"Yes; and besides that, Mrs. Sunderland has had to work like a dog herself. All this might have been saved, if she had hired a couple of women at sixty-two and a half cents a day for two or three days, and paid for having the carpets shaken; that's the way other people do. The house would have been set to rights in three or four days, and every thing going on like clockwork."
"I heard no more. I wanted to hear no more; it was all as clear as day to me. When I related to Mrs. Sunderland what John had said, she was, at first, quite indignant. But the reasonableness of the thing soon became so apparent that she could not but acknowledge that she had acted very unwisely.
"This is another specimen of your saving at the spigot," I said, playfully.
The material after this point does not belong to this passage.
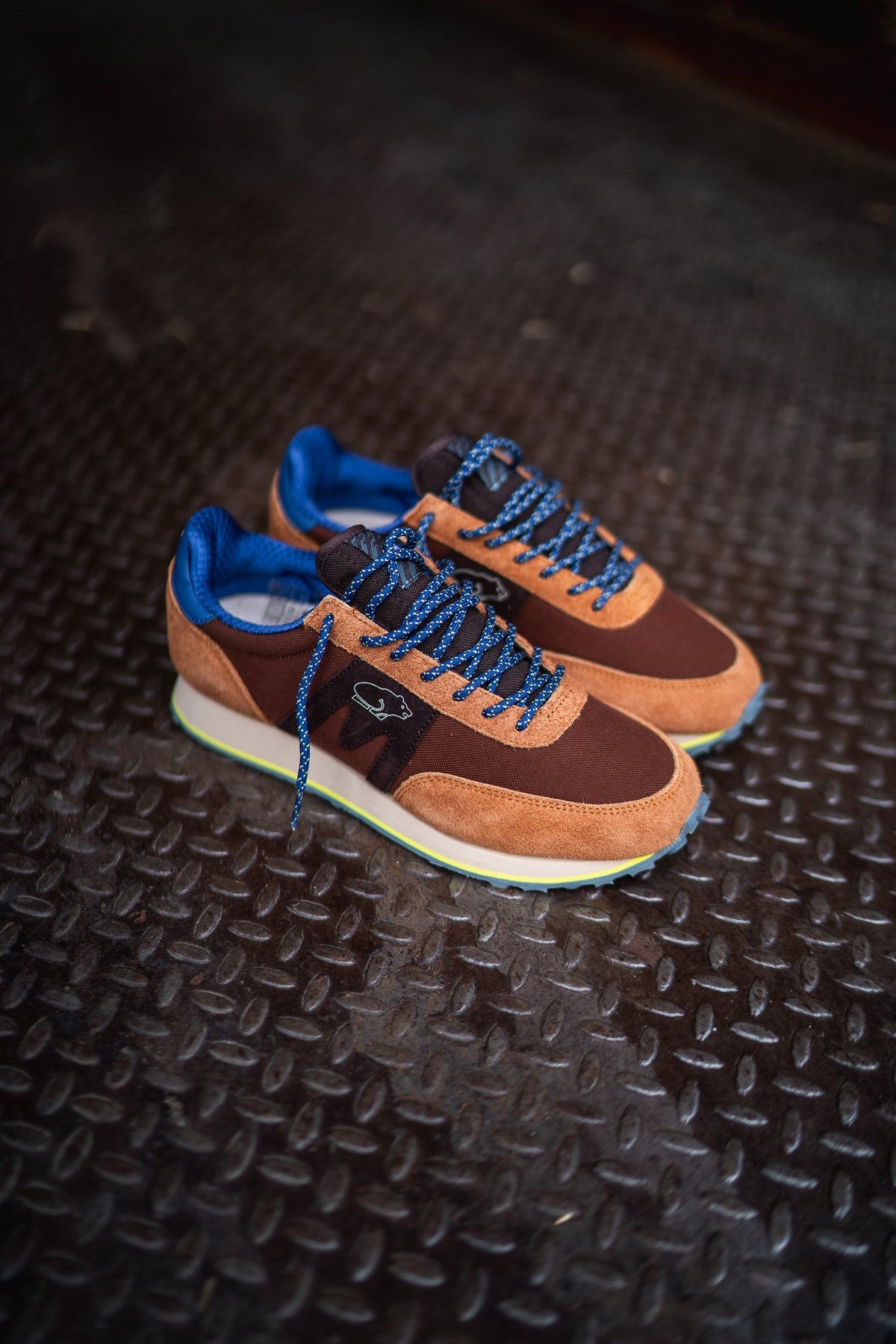 Karhu Albatross Control (Brown Sugar/Java)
"There, Mr. Sunderland! not a word more, if you please, of that," she returned, her cheek more flushed than usual. "It is my duty, as your wife, to dispense with prudence in your household; and if, in seeking to do so, I have run a little into extremes, I think it ill becomes you to ridicule or censure me. Dear knows! I have not sought my own ease or comfort in the matter."
"My dear, good wife," I quickly said, in a soothing voice, "I have neither meant to ridicule nor censure you—nothing was farther from my thoughts."
"You shall certainly have no cause to complain of me on this score again," she said, still a little warmly. "When next we clean house, I will take care that it shall be done by extra help altogether."
"Do, so by all means, Mrs. Sunderland. Let there be, if possible, two paint-cleaners and scrubbers in every room, that the work may all be done in a day instead of a week. Take my word for it, the cost will be less; or, if double, I will cheerfully pay it for the sake of seeing 'order from chaos rise' more quickly than is wont under the ordinary system of doing things."
My wife did not just like this speech, I could see, but she bit her lips and kept silent.
In a week we were without a cook again; and months passed before we were in any thing like domestic comfort. At last my wife was fortunate enough to get Ann and Hannah back again, and then the old pleasant order of things was restored. I rather think that we shall have a different state of things at next house-cleaning time. I certainly hope so.